• _Task brief_
In the listing below, print exactly the lines between the line holding "Active With Contract: $769,000" and the line holding "トイレ　※他部屋参考写真", inclusive, and no more.

• _Data provided_
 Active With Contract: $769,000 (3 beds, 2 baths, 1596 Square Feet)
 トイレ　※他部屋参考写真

==

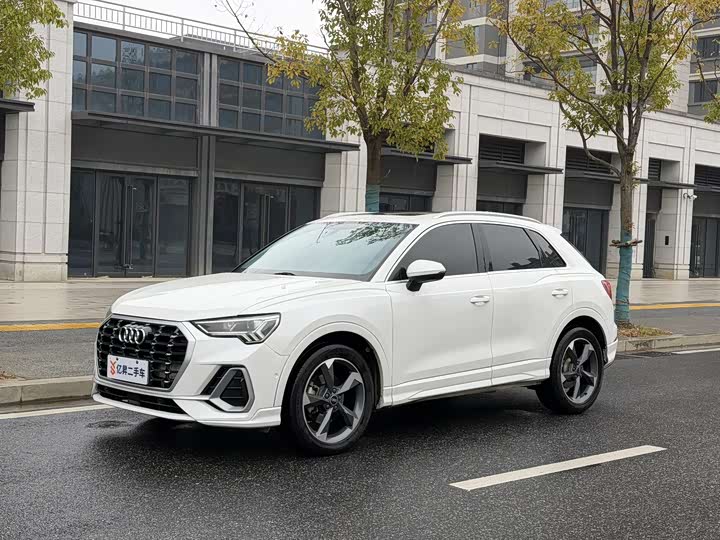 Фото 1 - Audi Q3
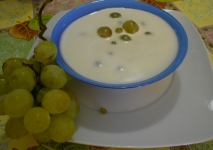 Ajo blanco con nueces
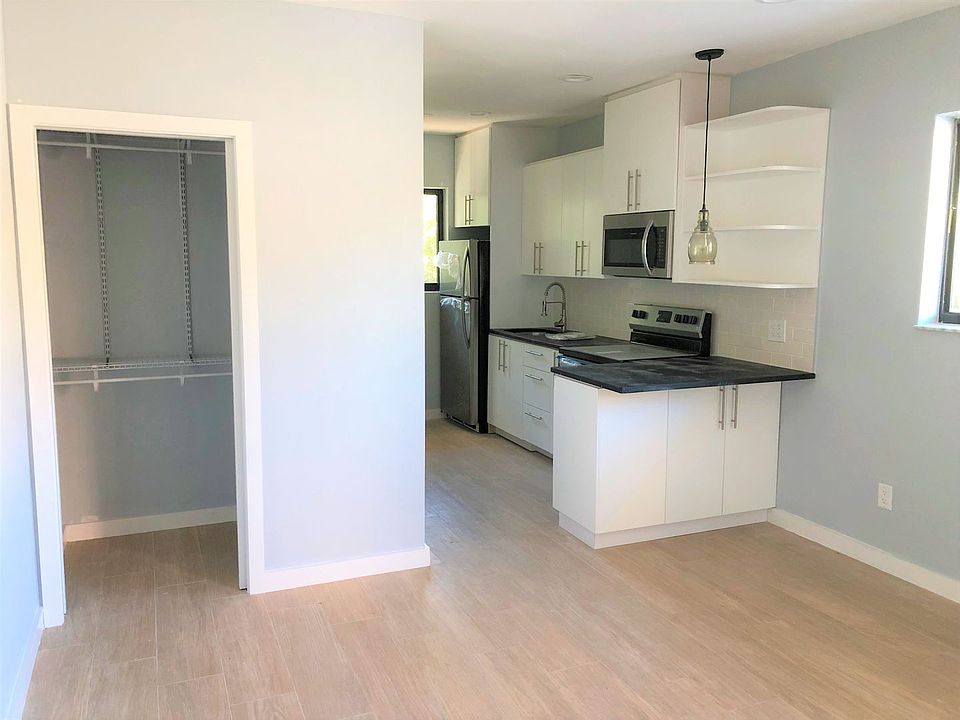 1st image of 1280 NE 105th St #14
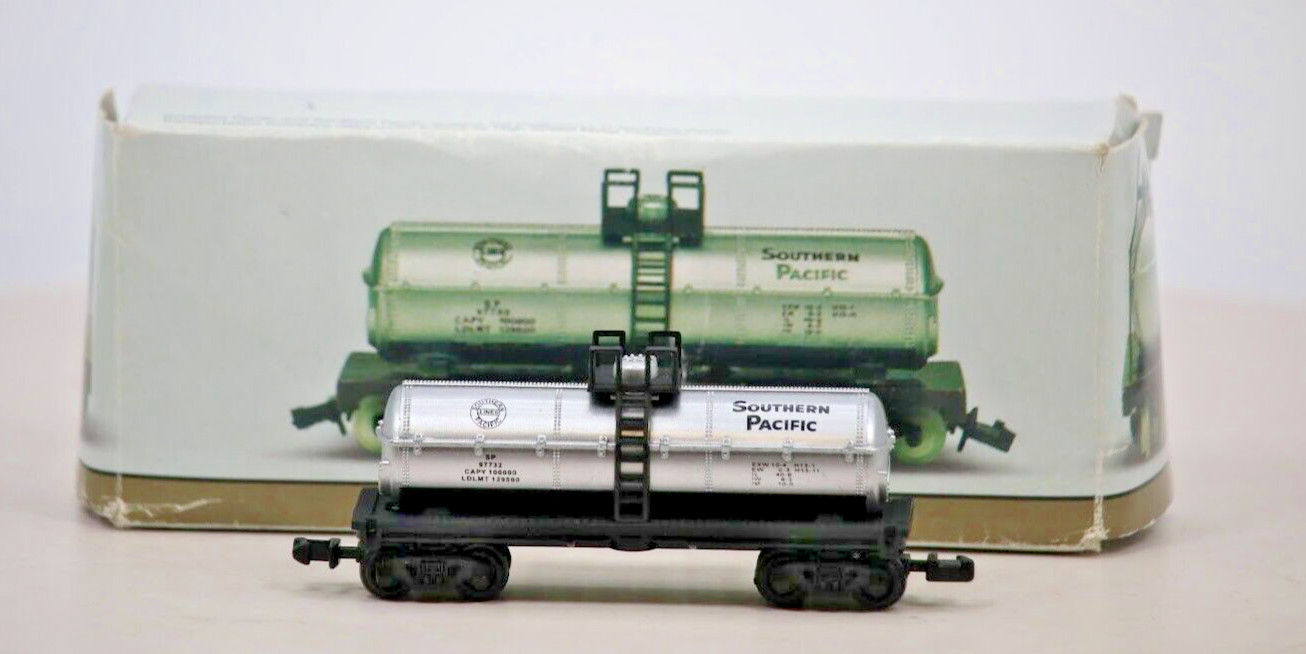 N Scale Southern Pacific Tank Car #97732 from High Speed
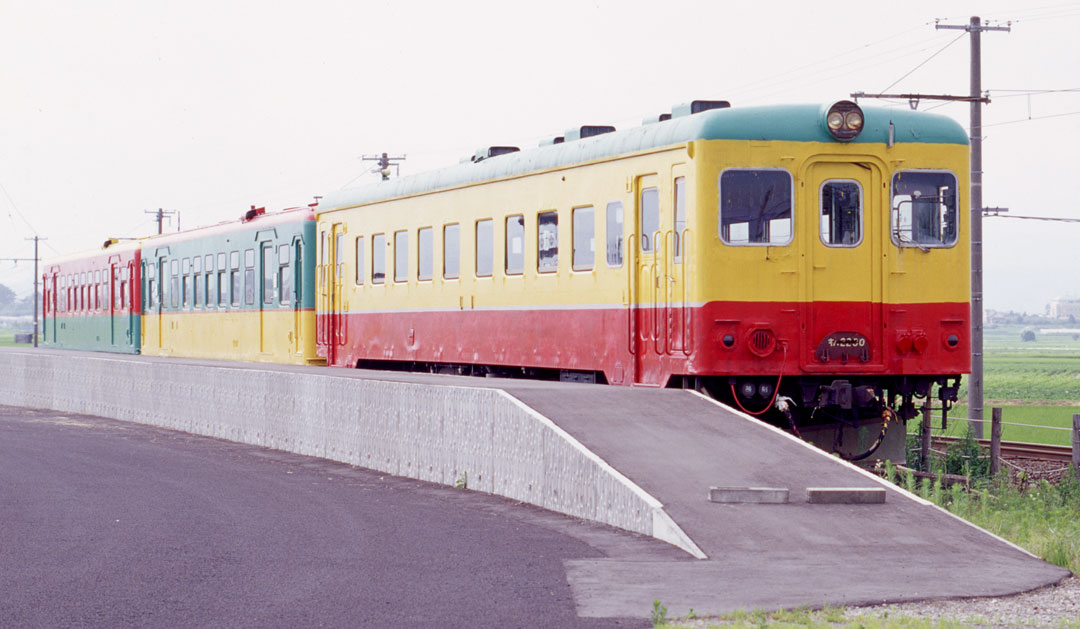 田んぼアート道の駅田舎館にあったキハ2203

• _Task result_
 Active With Contract: $769,000 (3 beds, 2 baths, 1596 Square Feet)
 トイレ　※他部屋参考写真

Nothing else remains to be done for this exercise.